Cost-Optimized ARM Cluster

module "kube-hetzner" {
  source  = "kube-hetzner/kube-hetzner/hcloud"
  version = "<LATEST>"

  hetzner_token = var.hetzner_token

  ssh_public_key  = file("~/.ssh/id_ed25519.pub")
  ssh_private_key = file("~/.ssh/id_ed25519")

  network_region = "eu-central"

  # ARM servers (CAX) are ~40% cheaper
  control_plane_nodepools = [
    {
      name        = "control-plane"
      server_type = "cax21"  # ARM
      location    = "fsn1"
      count       = 3
    }
  ]

  agent_nodepools = [
    {
      name        = "worker-arm"
      server_type = "cax31"  # ARM
      location    = "fsn1"
      count       = 3
    }
  ]
}

Super-HA Multi-Location

module "kube-hetzner" {
  source  = "kube-hetzner/kube-hetzner/hcloud"
  version = "<LATEST>"

  hetzner_token = var.hetzner_token

  ssh_public_key  = file("~/.ssh/id_ed25519.pub")
  ssh_private_key = file("~/.ssh/id_ed25519")

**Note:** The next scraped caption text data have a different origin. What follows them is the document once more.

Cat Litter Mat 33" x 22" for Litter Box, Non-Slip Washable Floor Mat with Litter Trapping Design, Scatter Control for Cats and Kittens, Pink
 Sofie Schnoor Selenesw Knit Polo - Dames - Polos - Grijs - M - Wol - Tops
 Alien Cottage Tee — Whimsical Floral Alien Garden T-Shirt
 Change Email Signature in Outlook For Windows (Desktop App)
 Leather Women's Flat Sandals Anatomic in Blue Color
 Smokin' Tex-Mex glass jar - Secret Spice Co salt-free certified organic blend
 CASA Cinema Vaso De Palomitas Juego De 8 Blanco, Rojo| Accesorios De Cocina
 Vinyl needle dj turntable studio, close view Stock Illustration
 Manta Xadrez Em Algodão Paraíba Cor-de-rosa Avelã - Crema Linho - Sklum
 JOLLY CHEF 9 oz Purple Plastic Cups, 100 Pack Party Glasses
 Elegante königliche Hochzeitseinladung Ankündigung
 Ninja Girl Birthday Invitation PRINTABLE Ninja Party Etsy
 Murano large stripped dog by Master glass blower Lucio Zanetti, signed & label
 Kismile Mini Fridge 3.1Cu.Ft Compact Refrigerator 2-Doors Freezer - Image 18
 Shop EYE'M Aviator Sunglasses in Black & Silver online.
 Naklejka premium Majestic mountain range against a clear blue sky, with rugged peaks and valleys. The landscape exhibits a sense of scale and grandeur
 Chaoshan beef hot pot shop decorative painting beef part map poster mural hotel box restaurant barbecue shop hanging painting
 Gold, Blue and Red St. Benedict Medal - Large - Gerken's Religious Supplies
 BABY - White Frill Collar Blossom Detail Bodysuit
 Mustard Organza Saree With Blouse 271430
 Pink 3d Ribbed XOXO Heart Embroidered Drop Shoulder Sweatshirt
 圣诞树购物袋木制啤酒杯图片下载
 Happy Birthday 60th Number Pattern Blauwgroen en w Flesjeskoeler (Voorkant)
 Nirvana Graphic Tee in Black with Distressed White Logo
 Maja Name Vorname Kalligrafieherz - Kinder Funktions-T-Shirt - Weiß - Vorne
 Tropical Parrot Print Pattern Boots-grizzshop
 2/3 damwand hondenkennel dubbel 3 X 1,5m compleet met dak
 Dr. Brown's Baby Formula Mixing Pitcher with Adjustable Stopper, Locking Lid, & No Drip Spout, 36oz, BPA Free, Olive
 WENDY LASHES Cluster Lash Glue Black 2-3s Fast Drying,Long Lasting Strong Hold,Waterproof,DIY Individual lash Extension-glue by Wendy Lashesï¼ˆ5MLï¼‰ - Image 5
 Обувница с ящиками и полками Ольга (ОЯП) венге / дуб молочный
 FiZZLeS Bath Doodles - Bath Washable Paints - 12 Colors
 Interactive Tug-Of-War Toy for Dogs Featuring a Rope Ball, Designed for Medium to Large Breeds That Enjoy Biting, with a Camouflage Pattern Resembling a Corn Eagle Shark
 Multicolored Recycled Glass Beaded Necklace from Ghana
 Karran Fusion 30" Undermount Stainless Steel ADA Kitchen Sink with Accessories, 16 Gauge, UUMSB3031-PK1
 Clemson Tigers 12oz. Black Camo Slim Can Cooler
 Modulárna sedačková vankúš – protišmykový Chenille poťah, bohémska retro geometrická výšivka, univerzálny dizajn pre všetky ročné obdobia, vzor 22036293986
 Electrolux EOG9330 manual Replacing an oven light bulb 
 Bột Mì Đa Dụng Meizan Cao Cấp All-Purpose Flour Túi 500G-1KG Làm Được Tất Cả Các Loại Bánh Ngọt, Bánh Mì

  # Must cover ALL locations used
  network_region = "eu-central"

  # Spread control planes across locations
  control_plane_nodepools = [
    {
      name        = "cp-fsn"
      server_type = "cpx31"
      location    = "fsn1"
      count       = 1
    },
    {
      name        = "cp-nbg"
      server_type = "cpx31"
      location    = "nbg1"
      count       = 1
    },
    {
      name        = "cp-hel"
      server_type = "cpx31"
      location    = "hel1"
      count       = 1
    }
  ]

  # Spread workers too
  agent_nodepools = [
    {
      name        = "worker-fsn"
      server_type = "cpx41"
      location    = "fsn1"
      count       = 2
    },
    {
      name        = "worker-nbg"
      server_type = "cpx41"
      location    = "nbg1"
      count       = 2
    },
    {
      name        = "worker-hel"
      server_type = "cpx41"
      location    = "hel1"
      count       = 2
    }
  ]

  enable_longhorn = true
}

Quick Reference

Variable Lookup

# Find specific variable
grep -A10 'variable "<name>"' variables.tf

# Search by keyword
grep -B2 -A10 'description.*<keyword>' variables.tf

# Use Gemini for comprehensive search
gemini --model gemini-3-pro-preview -p "@docs/llms.md Explain the <variable_name> variable"

GitHub Commands

# Latest release
gh release list --repo kube-hetzner/terraform-hcloud-kube-hetzner --limit 1

# Search issues
gh issue list --repo kube-hetzner/terraform-hcloud-kube-hetzner --search "<query>" --state all

# View specific issue
gh issue view <number> --repo kube-hetzner/terraform-hcloud-kube-hetzner --comments

# Search discussions
gh api repos/kube-hetzner/terraform-hcloud-kube-hetzner/discussions --jq '.[].title'

Validation

terraform fmt
terraform validate
terraform plan  # Check for unexpected changes!